An Independent Police Complaints Commission is investigating why that decision was made. And police have interviewed more than 40 girls as part of their investigation, raising the possibility that there are other victims who did not come forward to testify.

"We'd get free alcohol, cigarettes, food and free taxis and things," said the girl who went to the police in 2008. "At first I thought it (was) great because nothing had happened, like nothing sexual. Towards the end it was like, it could be up to five different men in a day, sometimes every day, at least four or five times a week."

The girl, who was lured in to the sex ring at age 15 and is now 20, escaped the gang after she became pregnant. The ring was based in the town of Rochdale, about 170 miles from London and abused the girls in taxis, kebab shops and apartments.

The men, who were convicted Tuesday of charges including rape, assault, sex trafficking and conspiracy, range in age from 22 to 59. One worked as a religious studies teacher at a mosque but it is not known if the others were religious.

The men used various defenses, including claiming that the girls were prostitutes.

Sentencing for the men — Kabeer Hassan, Abdul Aziz, Abdul Rauf, Mohammed Sajid, Adil Khan, Abdul Qayyum, Mohammed Amin, Hamid Safi and a 59-year-old man who cannot be named for legal reasons — begins Wednesday.

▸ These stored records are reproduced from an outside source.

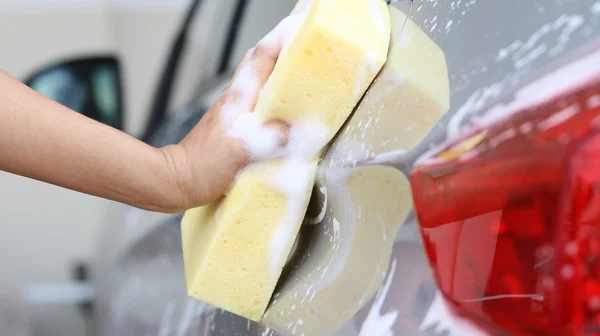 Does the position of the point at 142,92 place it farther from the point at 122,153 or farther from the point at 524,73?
the point at 524,73

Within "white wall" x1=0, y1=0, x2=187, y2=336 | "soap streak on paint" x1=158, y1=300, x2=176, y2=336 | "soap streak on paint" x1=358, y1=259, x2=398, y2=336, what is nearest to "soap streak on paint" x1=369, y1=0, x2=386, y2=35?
"soap streak on paint" x1=358, y1=259, x2=398, y2=336

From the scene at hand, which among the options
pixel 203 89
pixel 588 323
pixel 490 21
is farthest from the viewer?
pixel 203 89

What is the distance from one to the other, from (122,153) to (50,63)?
211cm

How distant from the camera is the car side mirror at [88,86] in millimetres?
1610

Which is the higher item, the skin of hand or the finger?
the finger

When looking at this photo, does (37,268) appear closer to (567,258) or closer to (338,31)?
(338,31)

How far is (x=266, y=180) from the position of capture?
0.59m

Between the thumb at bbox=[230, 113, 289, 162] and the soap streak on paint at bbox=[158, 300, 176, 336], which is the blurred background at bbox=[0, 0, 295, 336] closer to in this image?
the soap streak on paint at bbox=[158, 300, 176, 336]

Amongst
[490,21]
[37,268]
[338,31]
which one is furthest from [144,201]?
[37,268]

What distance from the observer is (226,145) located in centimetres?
59

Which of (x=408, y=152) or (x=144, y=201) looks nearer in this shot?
(x=408, y=152)

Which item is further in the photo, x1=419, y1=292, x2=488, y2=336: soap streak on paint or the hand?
the hand

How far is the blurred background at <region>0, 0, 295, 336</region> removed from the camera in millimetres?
2715

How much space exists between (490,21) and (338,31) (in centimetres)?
16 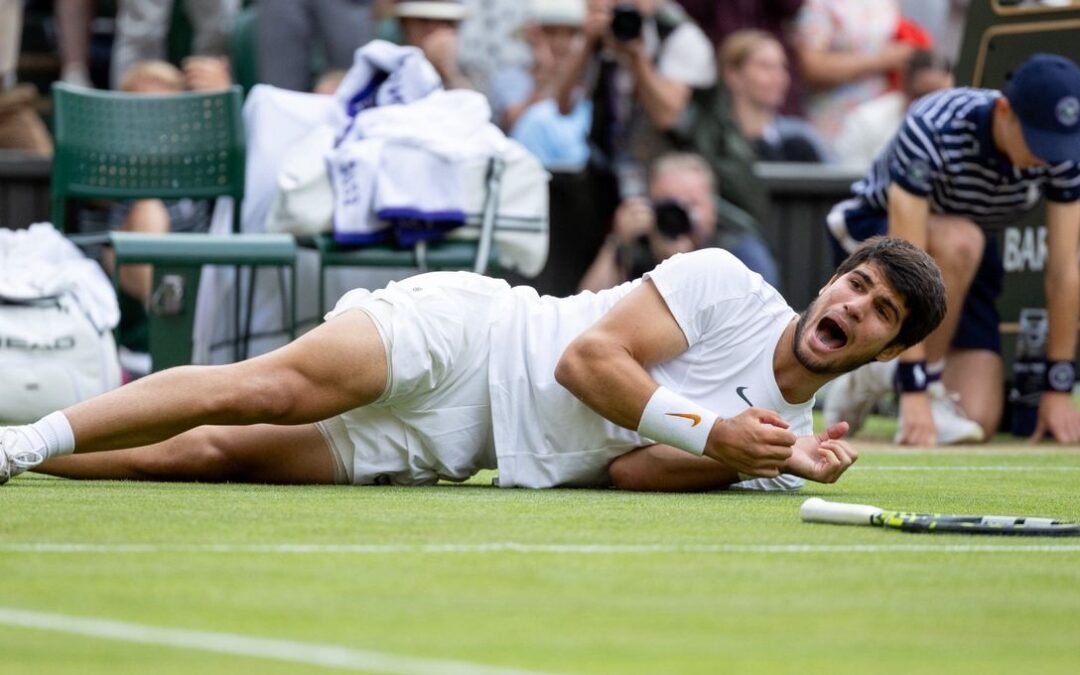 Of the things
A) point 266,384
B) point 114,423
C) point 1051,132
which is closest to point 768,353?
point 266,384

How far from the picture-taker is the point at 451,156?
8.84 meters

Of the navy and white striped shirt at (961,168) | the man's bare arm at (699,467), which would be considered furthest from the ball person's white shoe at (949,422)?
the man's bare arm at (699,467)

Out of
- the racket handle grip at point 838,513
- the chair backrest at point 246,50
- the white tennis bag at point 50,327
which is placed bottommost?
the white tennis bag at point 50,327

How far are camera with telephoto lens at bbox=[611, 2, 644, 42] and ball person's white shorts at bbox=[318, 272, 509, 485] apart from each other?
17.5ft

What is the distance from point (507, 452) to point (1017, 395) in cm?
443

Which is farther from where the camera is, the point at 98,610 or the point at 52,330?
the point at 52,330

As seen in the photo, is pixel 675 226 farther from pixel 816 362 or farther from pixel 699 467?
pixel 816 362

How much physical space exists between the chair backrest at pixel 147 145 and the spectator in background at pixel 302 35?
128 centimetres

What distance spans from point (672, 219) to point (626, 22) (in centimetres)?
105

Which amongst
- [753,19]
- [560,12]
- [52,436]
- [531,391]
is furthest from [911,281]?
[753,19]

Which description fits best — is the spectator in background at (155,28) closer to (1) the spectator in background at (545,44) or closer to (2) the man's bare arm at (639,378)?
(1) the spectator in background at (545,44)

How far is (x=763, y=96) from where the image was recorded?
1207 centimetres

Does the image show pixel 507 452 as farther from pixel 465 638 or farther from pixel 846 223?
pixel 846 223

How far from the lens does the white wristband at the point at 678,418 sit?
5.05 meters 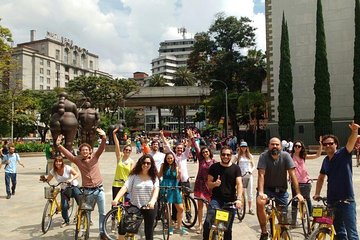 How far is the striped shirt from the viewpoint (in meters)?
5.79

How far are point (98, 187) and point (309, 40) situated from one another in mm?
33859

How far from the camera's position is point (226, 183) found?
5.76 metres

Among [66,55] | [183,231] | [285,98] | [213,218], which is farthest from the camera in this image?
[66,55]

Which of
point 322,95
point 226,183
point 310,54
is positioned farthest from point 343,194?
point 310,54

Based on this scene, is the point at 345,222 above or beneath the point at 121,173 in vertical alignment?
beneath

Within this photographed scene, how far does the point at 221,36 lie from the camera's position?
159 feet

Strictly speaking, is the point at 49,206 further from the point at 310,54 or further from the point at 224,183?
the point at 310,54

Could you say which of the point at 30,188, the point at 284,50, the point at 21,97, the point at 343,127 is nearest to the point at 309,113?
the point at 343,127

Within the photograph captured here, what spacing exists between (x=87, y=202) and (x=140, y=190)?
1552mm

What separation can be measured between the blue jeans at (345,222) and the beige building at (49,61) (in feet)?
280

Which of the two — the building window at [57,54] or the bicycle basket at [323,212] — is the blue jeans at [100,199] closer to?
the bicycle basket at [323,212]

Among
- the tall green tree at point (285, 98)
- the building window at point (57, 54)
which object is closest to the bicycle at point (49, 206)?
the tall green tree at point (285, 98)

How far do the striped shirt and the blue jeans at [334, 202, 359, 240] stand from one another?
262cm

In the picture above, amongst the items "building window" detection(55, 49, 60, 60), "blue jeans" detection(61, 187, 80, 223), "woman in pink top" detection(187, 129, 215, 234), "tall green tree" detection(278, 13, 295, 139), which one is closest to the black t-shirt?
"woman in pink top" detection(187, 129, 215, 234) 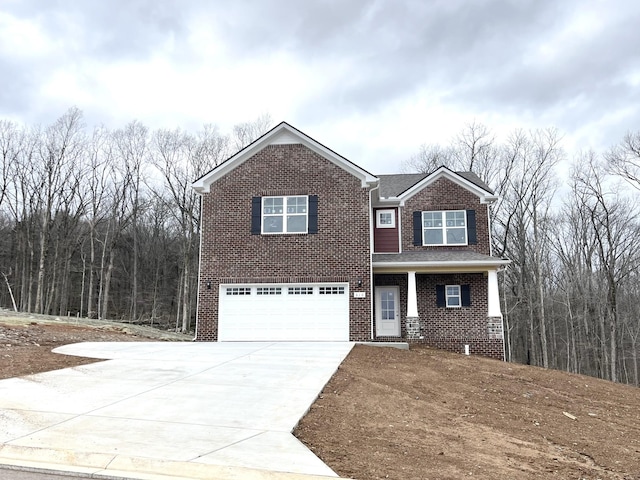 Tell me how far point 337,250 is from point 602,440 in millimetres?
10348

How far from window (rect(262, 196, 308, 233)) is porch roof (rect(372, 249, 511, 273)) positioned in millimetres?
3017

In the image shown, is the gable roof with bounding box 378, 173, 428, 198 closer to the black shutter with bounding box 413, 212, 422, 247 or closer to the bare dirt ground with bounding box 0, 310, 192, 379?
the black shutter with bounding box 413, 212, 422, 247

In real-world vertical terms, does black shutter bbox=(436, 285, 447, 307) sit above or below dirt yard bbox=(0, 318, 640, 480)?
above

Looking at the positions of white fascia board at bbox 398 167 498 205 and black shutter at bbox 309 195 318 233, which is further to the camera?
white fascia board at bbox 398 167 498 205

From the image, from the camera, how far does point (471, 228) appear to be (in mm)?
18516

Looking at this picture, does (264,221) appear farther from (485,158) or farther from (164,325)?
(164,325)

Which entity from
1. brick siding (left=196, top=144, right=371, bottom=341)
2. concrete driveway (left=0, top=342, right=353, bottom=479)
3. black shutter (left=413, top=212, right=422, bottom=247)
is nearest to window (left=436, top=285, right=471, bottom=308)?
black shutter (left=413, top=212, right=422, bottom=247)

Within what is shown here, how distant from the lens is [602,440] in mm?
6711

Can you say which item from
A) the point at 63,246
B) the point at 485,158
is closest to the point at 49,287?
the point at 63,246

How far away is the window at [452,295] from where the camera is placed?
17359 mm

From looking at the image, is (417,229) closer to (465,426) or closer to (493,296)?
(493,296)

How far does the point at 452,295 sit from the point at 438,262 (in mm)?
1745

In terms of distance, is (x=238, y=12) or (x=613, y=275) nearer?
(x=238, y=12)

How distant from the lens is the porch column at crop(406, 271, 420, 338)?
1644 cm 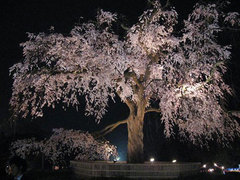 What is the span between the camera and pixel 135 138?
15.3 meters

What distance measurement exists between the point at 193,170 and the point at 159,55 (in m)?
6.53

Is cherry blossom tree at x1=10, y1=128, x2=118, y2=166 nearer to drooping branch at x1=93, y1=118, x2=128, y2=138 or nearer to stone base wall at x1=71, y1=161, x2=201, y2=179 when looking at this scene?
drooping branch at x1=93, y1=118, x2=128, y2=138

"The details of the offenses that we have heard in this trial in the last few weeks have shocked and appalled us all," said Nazi Afzal, chief crown prosecutor for the North West Area.

Greater Manchester Police Assistant Chief Constable Steve Heywood denied that the case was about race.

"It is not a racial issue," he said. "This is about adults preying on vulnerable young children."

But race was repeatedly brought to the fore as the case progressed.

Far right groups such as the English Defence League and the British National Party led protests shortly after the trial began Feb. 6. The father of one victim told the court he joined the BNP after learning of what had happened to his daughter.

The trial also was delayed after two nonwhite lawyers representing some of the men were attacked by far-right protesters and quit the case.

Muslim leaders condemned the crime and praised the bravery of the victims for coming forward.

"These criminals have brought shame on themselves, their families and our community," said Mohammed Shafiq of the Ramadhan Foundation, one of Britain's largest Muslim organizations.

British law prohibits publishing the names of sex-crime victims. The Associated Press also generally does not name victims of sexual assault.

During the trial, one girl described how she was forced to sleep with 20 men in a night. Another was raped by two men while so drunk that she was vomiting during the ordeal. The sex ring used another girl, dubbed the "honeymonster," to lure other girls into the ring.

"They ripped away all my dignity and all my last bit of self-esteem," one victim said. "By the end of it, I had no emotion."

Both the Crown Prosecution Service and police apologized for not taking the first victim's case to trial earlier.

It was Afzal who overturned the initial decision and decided to file charges against the men that girl had accused.

"The witness was entirely credible," he said. "To put it bluntly, the original decision was wrong."

Tuesday's convictions bore similarities to a large investigation into a sex ring in the East Midlands that wrapped up in November 2010.

Several men of South Asian descent were convicted of rape and other sexual offenses for preying on vulnerable girls, aged 13 to 20 years old, by plying them with alcohol and forcing them to have sex.